I dare to call myself an author. In the writings I hope to publish and on my social media platforms I am conscious of the words I choose. I want my words to uplift. The world needs uplifting words right now. So do our families. Our friends. Our neighbours. Our co-workers. Most importantly - OURSELVES!
We need to be conscious of the words we are telling ourselves. Whisper beautiful words to yourself before you go to bed at night. Think beautiful words to yourself when you wake up in the morning. Speak beautiful words out loud to yourself every time you look in the mirror. If we whisper, think and speak beautiful words to ourselves we have those words ready to speak to others.
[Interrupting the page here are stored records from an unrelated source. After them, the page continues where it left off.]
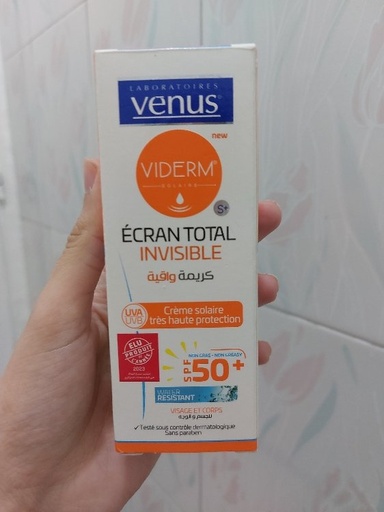 [130024-233] VENUS ECRAN TOTAL INVISIBLE  SPF 50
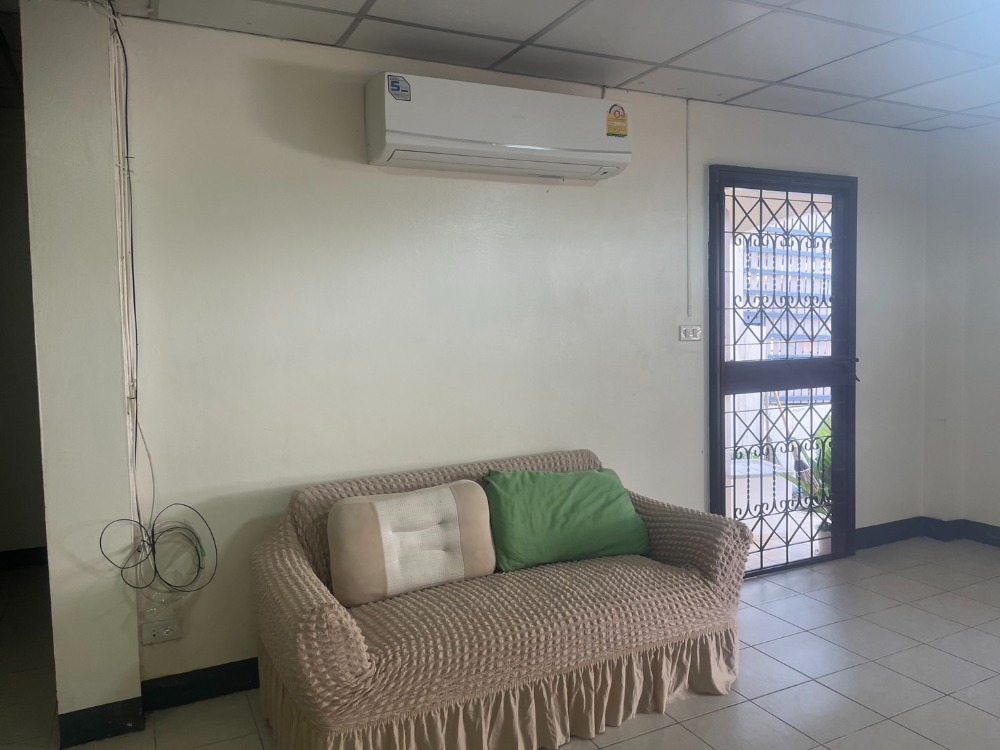 For RentTownhouseOnnut, Udomsuk : Townhouse for rent, 25 square wah, 3 bedrooms, 3 bathrooms, Sukhumvit 101/1, near BTS, with air conditioner, 20,000 per month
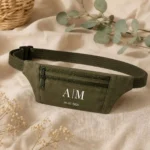 Riñonera verde tres bolsillos personalizada para boda con iniciales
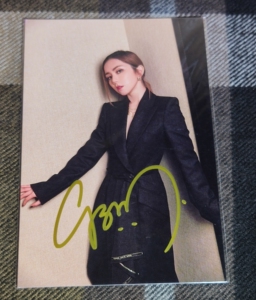 邓紫棋签名 邓紫棋亲笔签名照 邓紫棋周边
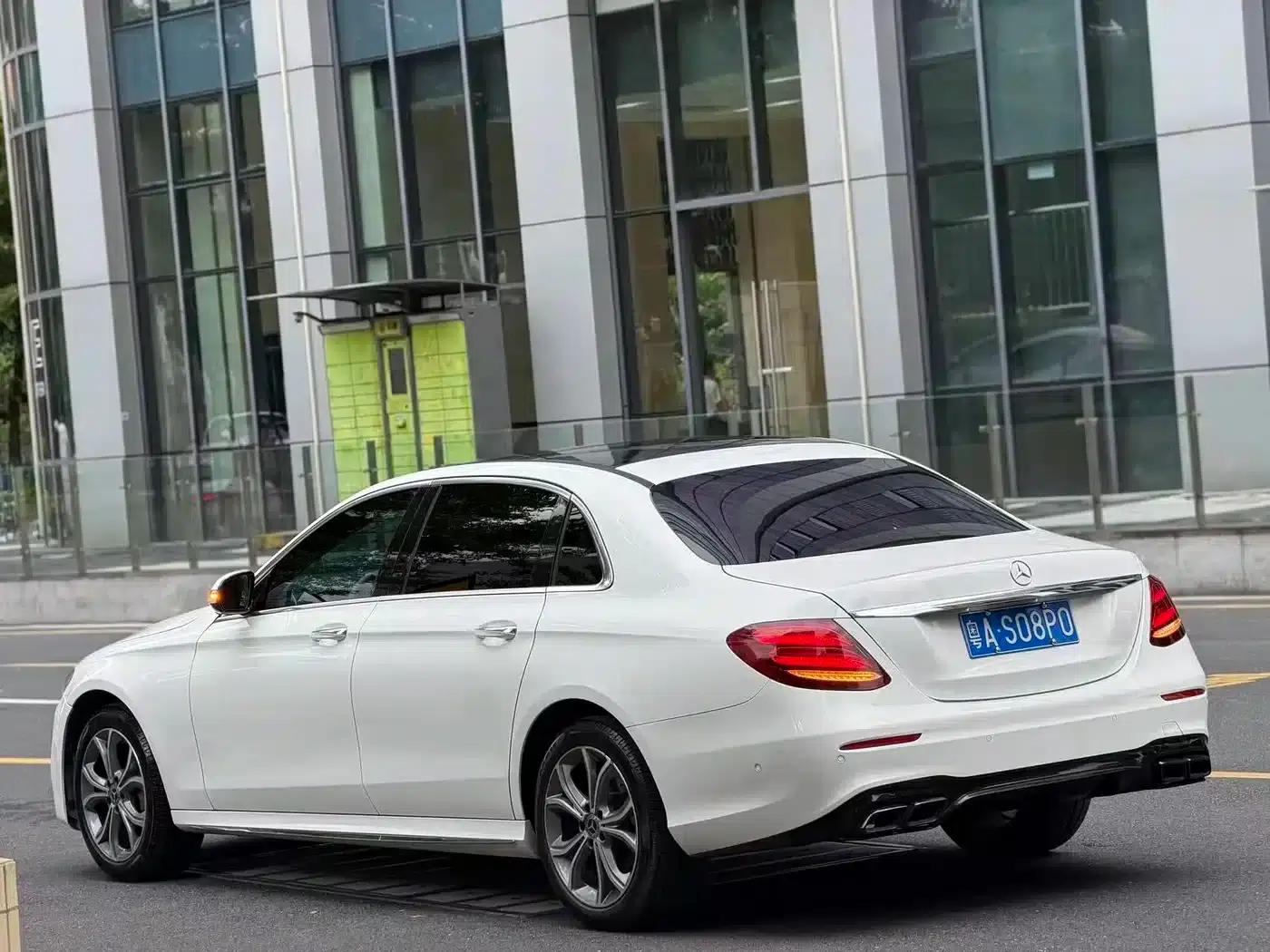 Mercedes-Benz E-Class 2020 Facelift E 300 L Sport Style — миниатюра 3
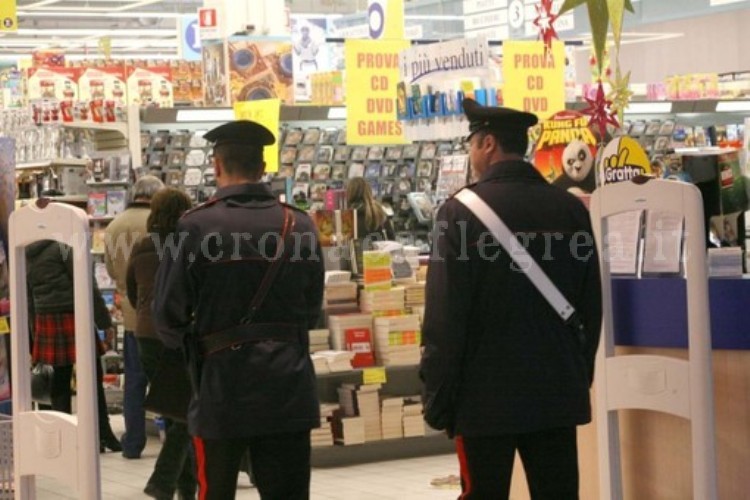 VICENZA/ Puteolano tenta di rubare al supermercato, scoperto dai vigilantes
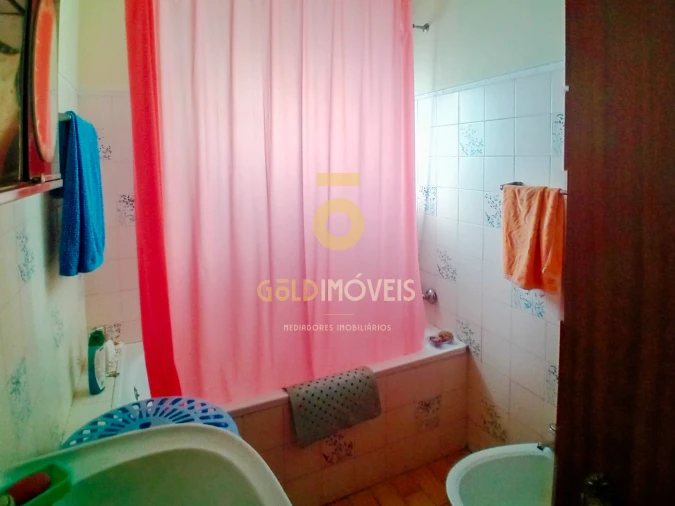 Moradia T4 para Venda em Espadanedo Foto 36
This morning as I put my feet inside my slippers I didn't say "Sheesh my toenails need a good clip" (they do) I said instead "where will we be able to walk today?" When I looked in the mirror I didn't "look at those wrinkles and grey hair" I said, out loud, "well old girl let's get some coffee and get back to that great book we started last night." Tonight when I go to bed, right after I whisper all the prayers I have for my family and friends, I will whisper "have a lovely sleep and may all your dreams be beautiful."